Adalah Immanuel Kant, seorang filsuf yang berusaha mengatasi rasionalisme dan empirisme. Dalam banyak hal, Popper menyetujui pandangan Kant, termasuk pandangannya tentang pengetahuan apriori, yaitu pengetahuan yang ada sebelum pengalaman. Akan tetapi, Popper tidak setuju dengan Kant mengenai keabsahan pengetahuan apriori. Bagi Popper, teori pengetahuan adalah penemuan kita yang bersifat konjektur, sehingga ia bisa salah kalau dikemudian hari ditemukan pengetahuan yang lebih meyakinkan. Mengikuti Darwin, Popper melihat teori pengetahuan atau epistemologi secara evolutif dan saling berkompetisi. Tidak ada epistemologi yang tunggal.

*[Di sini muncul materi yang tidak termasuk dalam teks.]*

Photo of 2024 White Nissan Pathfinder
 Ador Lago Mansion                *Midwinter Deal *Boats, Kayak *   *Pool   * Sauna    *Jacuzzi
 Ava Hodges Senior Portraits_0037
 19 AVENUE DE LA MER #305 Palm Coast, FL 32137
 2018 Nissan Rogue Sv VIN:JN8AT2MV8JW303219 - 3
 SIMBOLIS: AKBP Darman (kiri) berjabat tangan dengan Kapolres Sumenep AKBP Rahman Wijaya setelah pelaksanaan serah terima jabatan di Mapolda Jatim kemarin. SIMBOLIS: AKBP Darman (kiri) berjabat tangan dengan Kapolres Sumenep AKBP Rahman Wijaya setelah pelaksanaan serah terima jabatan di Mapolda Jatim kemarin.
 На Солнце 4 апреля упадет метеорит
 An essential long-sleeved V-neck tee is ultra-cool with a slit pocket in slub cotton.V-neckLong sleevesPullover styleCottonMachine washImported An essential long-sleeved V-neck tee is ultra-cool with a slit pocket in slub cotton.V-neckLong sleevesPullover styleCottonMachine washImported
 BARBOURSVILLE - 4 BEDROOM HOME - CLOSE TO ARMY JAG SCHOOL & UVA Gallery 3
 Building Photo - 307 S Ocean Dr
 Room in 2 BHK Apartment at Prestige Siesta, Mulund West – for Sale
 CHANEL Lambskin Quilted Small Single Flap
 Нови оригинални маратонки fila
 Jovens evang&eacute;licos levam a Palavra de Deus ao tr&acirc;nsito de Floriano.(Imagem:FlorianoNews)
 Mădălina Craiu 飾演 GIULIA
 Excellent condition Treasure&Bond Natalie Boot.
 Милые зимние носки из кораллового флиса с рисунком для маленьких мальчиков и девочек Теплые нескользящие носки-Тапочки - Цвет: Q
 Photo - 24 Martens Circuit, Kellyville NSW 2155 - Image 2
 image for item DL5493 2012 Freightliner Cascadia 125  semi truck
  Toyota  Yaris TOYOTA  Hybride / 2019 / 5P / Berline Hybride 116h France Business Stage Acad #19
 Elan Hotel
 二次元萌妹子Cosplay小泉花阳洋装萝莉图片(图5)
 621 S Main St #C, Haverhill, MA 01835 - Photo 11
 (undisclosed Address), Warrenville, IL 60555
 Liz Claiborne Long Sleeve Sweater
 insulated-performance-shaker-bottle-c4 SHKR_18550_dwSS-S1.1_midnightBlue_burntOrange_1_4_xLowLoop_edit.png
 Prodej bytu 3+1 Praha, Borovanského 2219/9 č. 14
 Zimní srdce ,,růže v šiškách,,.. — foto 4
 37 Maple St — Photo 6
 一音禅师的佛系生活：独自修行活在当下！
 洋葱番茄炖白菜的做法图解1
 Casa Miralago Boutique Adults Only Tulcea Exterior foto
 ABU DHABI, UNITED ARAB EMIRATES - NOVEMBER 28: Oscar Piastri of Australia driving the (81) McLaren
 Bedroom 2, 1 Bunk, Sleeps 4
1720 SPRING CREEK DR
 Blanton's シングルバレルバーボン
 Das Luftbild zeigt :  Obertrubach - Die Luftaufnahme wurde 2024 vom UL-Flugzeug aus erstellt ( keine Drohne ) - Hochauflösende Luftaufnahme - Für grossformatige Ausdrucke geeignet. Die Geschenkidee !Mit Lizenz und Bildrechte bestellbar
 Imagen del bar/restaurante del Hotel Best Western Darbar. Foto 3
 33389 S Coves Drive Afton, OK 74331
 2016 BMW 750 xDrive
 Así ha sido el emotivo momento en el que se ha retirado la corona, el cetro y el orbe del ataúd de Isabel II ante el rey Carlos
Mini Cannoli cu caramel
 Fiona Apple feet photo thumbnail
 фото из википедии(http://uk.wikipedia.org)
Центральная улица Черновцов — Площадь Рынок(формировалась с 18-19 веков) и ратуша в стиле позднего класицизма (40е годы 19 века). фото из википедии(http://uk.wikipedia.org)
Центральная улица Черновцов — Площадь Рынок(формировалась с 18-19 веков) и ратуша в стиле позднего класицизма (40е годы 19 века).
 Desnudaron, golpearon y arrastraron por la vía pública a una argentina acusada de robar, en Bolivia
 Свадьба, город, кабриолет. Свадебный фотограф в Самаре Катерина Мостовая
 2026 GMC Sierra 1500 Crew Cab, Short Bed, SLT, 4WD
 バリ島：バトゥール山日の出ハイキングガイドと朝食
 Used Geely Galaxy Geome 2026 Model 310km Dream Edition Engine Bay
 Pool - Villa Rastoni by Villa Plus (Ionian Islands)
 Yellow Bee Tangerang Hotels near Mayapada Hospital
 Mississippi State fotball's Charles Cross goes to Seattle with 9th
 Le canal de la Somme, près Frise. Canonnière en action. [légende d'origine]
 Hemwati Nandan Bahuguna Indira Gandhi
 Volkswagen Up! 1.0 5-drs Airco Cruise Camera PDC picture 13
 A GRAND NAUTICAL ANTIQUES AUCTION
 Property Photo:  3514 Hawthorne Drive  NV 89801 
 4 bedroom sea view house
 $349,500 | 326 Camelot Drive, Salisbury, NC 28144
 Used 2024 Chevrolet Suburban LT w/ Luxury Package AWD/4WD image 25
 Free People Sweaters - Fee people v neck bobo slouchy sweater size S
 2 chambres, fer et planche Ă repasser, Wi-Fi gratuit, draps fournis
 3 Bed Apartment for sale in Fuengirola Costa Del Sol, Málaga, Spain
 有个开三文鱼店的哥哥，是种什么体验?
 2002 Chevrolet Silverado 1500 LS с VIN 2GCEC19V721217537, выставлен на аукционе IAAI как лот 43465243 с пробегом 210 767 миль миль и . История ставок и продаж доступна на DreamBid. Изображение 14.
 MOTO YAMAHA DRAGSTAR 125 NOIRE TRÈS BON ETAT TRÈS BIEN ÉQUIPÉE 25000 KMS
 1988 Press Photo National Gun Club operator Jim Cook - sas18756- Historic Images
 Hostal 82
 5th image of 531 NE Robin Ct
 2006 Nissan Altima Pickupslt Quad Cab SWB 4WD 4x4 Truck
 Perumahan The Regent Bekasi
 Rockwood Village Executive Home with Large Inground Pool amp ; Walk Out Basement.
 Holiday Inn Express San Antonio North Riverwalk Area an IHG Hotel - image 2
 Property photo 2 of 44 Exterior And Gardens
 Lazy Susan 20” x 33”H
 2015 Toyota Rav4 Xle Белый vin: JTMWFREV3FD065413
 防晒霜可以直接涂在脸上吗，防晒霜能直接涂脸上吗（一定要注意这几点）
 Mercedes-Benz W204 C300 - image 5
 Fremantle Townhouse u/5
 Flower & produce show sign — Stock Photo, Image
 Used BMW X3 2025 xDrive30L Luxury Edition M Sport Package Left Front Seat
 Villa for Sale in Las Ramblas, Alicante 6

Oleh karena itu, teori pengetahuan tidak bisa menjadi sebuah dogma yang berlaku sepanjang sejarah, melainkan sebentuk hipotesis yang bisa dikritisi dan bahkan disalahkan.[6]
Popper, dengan demikian, ingin menyelamatkan rasionalisme tetapi dengan catatan. Rasionalisme Popper dikenal dengan rasionalisme kritis. Proyek Popper ini terutama ditujukkan untuk membantah kaum positivisme logis yang berbasis di Wina, -Austria- dikenal sebagai Lingkaran Wina. Salah satu proyek mereka adalah hendak memisahkan mana ungkapan yang bermakna dan ungkapan yang tidak bermakna. Ungkapan ini bisa ditemukan dalam bahasa sebagai objektifikasi pikiran manusia. Menurut kaum postivisme logis, pemisahan itu ditentukan oleh sejauh mana ungkapan-ungkapan itu bisa ditangkap oleh inderawi atau tidak. Ungkapan yang tidak bisa ditangkap inderawi berarti tidak bermakna. Sebaliknya, ungkapan yang bisa ditangkap oleh inderawi adalah yang bermakna. Ungkapan yang bermakna inilah, yang hanya bisa diverifikasi secara empiris, yang dianggap oleh kaum positivisme logis sebagai pengetahuan. 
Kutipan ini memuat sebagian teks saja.